There was nothing left to do but spear a piece of hákarl on a toothpick and toss it back. The flavour wasn’t as strong as I’d expected. I caught a whiff of ammonia as I brought it to my mouth, but I mostly noticed the chewy texture and the finish comparable to that of a strong Camembert. Minutes later, I felt a rumbling in my stomach. I wondered if my system was responding to the alien presence of fish, but the sensation wasn’t like what I’ve experienced after accidentally ingesting meat. It wasn’t unpleasant — it was similar to the expanding warmth one feels after downing a shot of whiskey.

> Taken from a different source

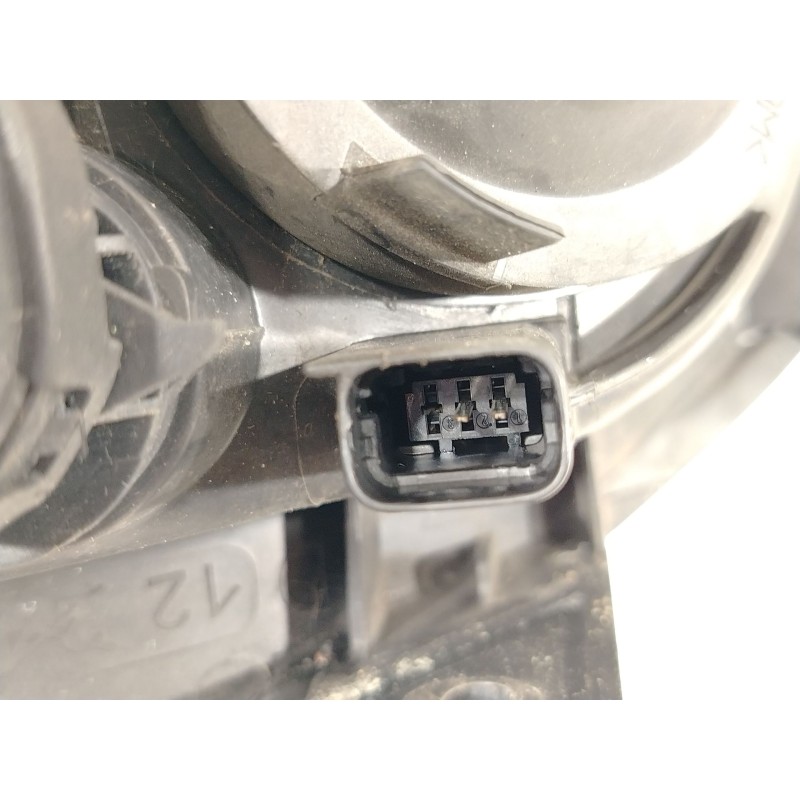 Recambio de faro derecho para renault clio iii (br0/1, cr0/1) 1.4 16v referencia OEM IAM 8200261612 89901157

It felt like everything else about Iceland and the way it seeps inside you, the way you dream it, drink it, breathe it, sneeze it, cough it, hiccup it. The way every lava field, tectonic rift, and fjord feels unlikely, if not impossible, strange and strong and unforgettable.

 

Joelle Renstrom

is a

Nonfiction Editor for Panorama.

In addition to writing about travel, Joelle Renstrom writes about science, technology, and science fiction for Slate, New Scientist, Aeon, Undark, Popular Science, and other publications. Her book, Travels in Life, Loss, and Literature, was published in 2015. She teaches writing and research at Boston University.

Margarita Miranova

is a

Guest Illustrator for Panorama.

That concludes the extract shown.